Within those data, onshore oil production is the most pertinent metric because that is where the shale basins are and, therefore, where producers are likely to react quickest to any incentive to drill. In data going back to 2003, output actually crossed above 1 million barrels a day for the first time during Biden’s tenure. And while it has declined somewhat since last summer, that coincides with a decline in oil prices — no conspiracy needed.
Moreover, as Enersection laid out in an analysis published in September, roughly seven out of every 10 barrels of oil produced onshore on federal lands comes from just two counties in the entire country: Lea and Eddy in New Mexico. And between 2010 and 2020, while oil and gas companies leased about 15 million new federal acres, they allowed leases on 34 million to expire. In short, if your concern is raising U.S. oil and gas production further, the action is overwhelmingly on private and state lands, not federal acreage.

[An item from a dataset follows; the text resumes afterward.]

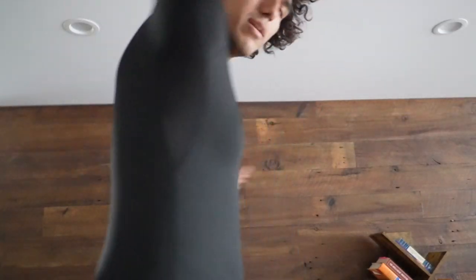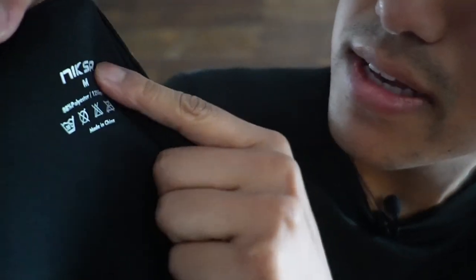It definitely did keep me warm when I wore the long sleeve for my run, because it was raining and cold and all I had was the long sleeve and a hoodie on top. Here's what the long sleeve shirt looks like on me. And here's what the tag looks like — there's actually no tag, it's just printed on.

Even leaving that aside, linking releases from the SPR via some mathematical formula to leasing more federal land, as the House Republicans’ bill would mandate, doesn’t make sense if your actual concern is replenishing barrels quickly. If Congress is really concerned with refilling the SPR, codifying the repurchasing parameters put forward by the Department of Energy last year would be a useful outcome. This would send a clearer signal to producers about the SPR’s role as a source of incremental demand when being refilled, in part by limiting the White House’s scope to move the goal posts.
The energy transition, by its nature, does act as a brake on investment in oil and gas, particularly longer-dated projects, and is gathering pace regardless of Biden’s utterances. Where the administration has real power to facilitate domestic production, such as leasing rounds and permits, it should do so responsibly, especially in light of Russia’s energy war.